[What you should do]:
Your copy should match the listing below word for word, with no images in it.

***** Exercise data

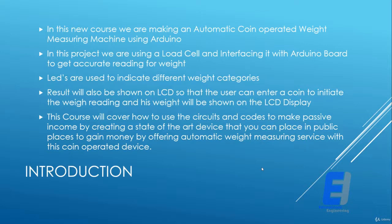The user's weight will be shown on the LCD display. This course will cover how to use the circuits and code to make passive income by creating a state-of-the-art device that you can place in public places to gain money by offering an automatic weight measuring service with this coin-operated device.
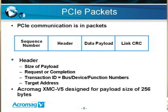Sequence numbers and a 32-bit CRC are assigned to each packet in order to protect the complete packet. The CRC is a cyclic redundancy check code; it's received at the other end and checked for the integrity of the packet. These packets also contain a header which includes the size of the payload — which can be up to 256 bytes in the case of our XMC V5 product — as well as request and completion information and a target address. It's the responsibility of the system to route things by address.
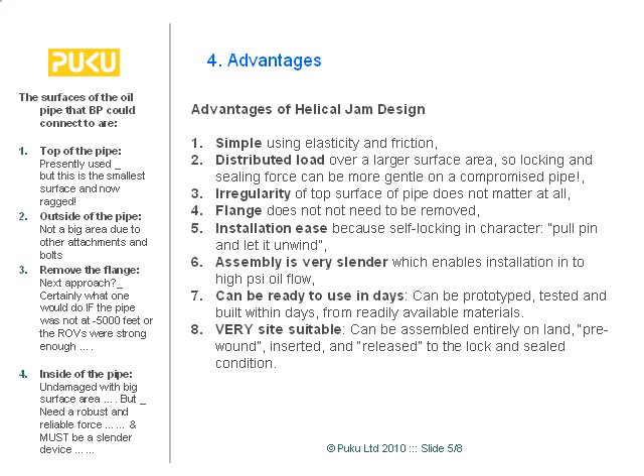The key point is number eight. What we've got is something which is very site-suitable — it can be pre-assembled, taken down, and let go. The force required by the ROVs is rather minimal.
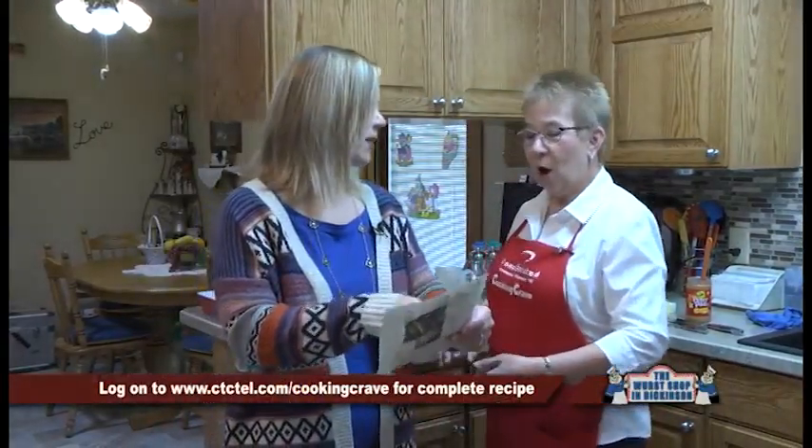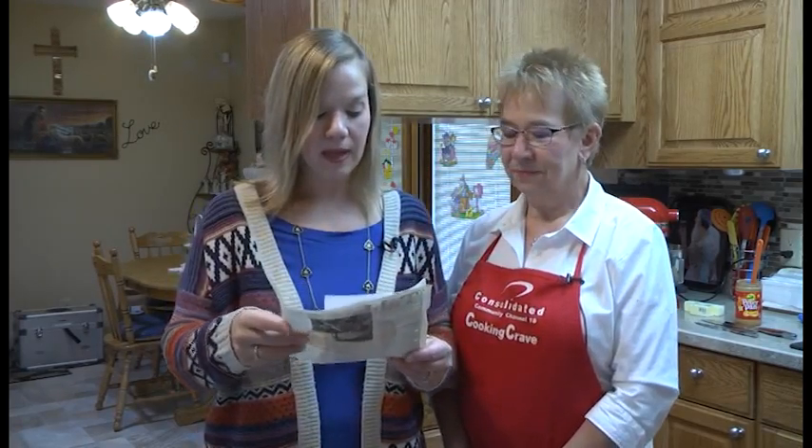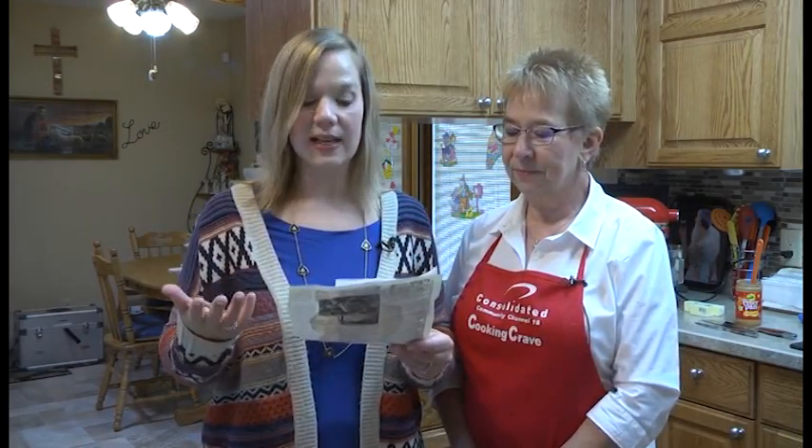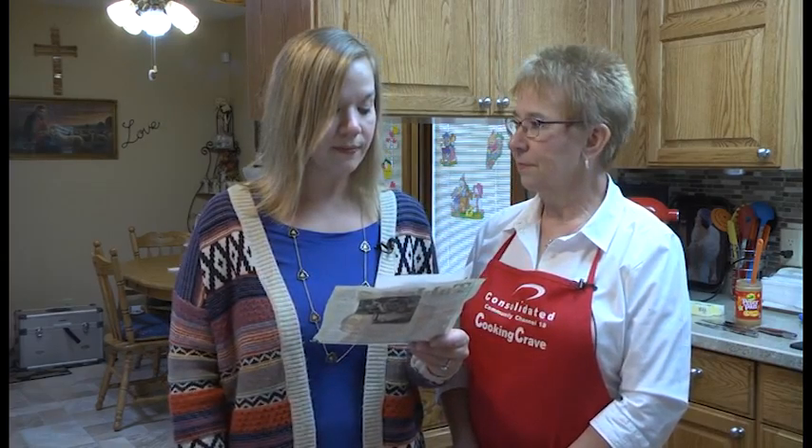Let me read the dessert ingredients too. If you want to make these no-bake chocolate peanut butter bars, you're going to need two cups of peanut butter, three-fourths cup — that's a stick and a half of butter, two cups powdered sugar, three cups of graham cracker crumbs, and two cups of chocolate chips. Not a lot of ingredients, but very good.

**********

[Solution for this exercise]:
The user's weight will be shown on the LCD display. This course will cover how to use the circuits and code to make passive income by creating a state-of-the-art device that you can place in public places to gain money by offering an automatic weight measuring service with this coin-operated device.
Sequence numbers and a 32-bit CRC are assigned to each packet in order to protect the complete packet. The CRC is a cyclic redundancy check code; it's received at the other end and checked for the integrity of the packet. These packets also contain a header which includes the size of the payload — which can be up to 256 bytes in the case of our XMC V5 product — as well as request and completion information and a target address. It's the responsibility of the system to route things by address.
The key point is number eight. What we've got is something which is very site-suitable — it can be pre-assembled, taken down, and let go. The force required by the ROVs is rather minimal.
Let me read the dessert ingredients too. If you want to make these no-bake chocolate peanut butter bars, you're going to need two cups of peanut butter, three-fourths cup — that's a stick and a half of butter, two cups powdered sugar, three cups of graham cracker crumbs, and two cups of chocolate chips. Not a lot of ingredients, but very good.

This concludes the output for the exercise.